Former Bivouac Ciderworks chef DJ Tangalin is announcing his debut solo restaurant, a modern Filipino bistro called Maya Eatery that he hopes to open by the end of May; it will be the first of several concepts created with business partner Archie Soria, who owns Filipino eateries in North County. 

San Diego has one of the country’s largest Filipino-American populations, but the modern Filipino food movement, led by some of the most exciting restaurants across the nation — from Lasa and Ma’am Sir in Los Angeles to Washington, D.C. hotspot Bad Saint and Maharlika in New York City — has yet to truly take hold here. Last spring, Tangalin was part of a sold-out Filipino food event in San Diego, which showcased the sheer number of talented chefs of Filipino heritage currently cooking in our city. 

Chef DJ Tangalin

Born in the Philippines, Tangalin moved to Hawaii in his teens and then to New Jersey for culinary school, subsequently staging in acclaimed kitchens, from Le Bernardin and Volt on the East Coast to Coi and Cyrus in the Bay Area, before landing in San Diego where he cooked at Whisknladle and JRDN Restaurant. In 2016, Tangalin took on the executive chef position at Tidal at Paradise Point, where he began to infuse Filipino flavors and ingredients into his dishes and amassed a following within the local Filipino community. He continued to develop that style of cuisine at Bivouac Ciderworks, which was Editor’s Choice for Bar and Food Combo of the Year in the 2018 Eater Awards and was a Readers’ Choice winner for Chef of the Year and Restaurant of the Year. 

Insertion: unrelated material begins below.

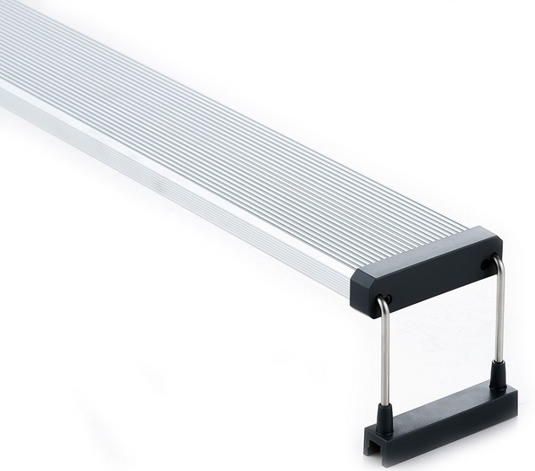 Chihiros - B60 LED / Plafoniera LED Bluetooth per Acquario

This Saturday, April 6, he’s cooking the first of several pop-ups designed to give a preview of his plans for Maya Eatery; the night’s dishes include raw fish with kalamansi and fish sauce, ensalada with rambutan vinaigrette, and chicken inasal with sweet and sour bread sauce. Tangalin is in the process of securing a permanent restaurant location in the Hillcrest area. 

Translating to “little birds”, Maya evokes both freedom and nostalgia for the chef, who says his menu will feature new versions of Filipino classics as well as creations that combine time-honored flavors, including housemade fish sauce and fermented shrimp paste, with his culinary background and training in French technique.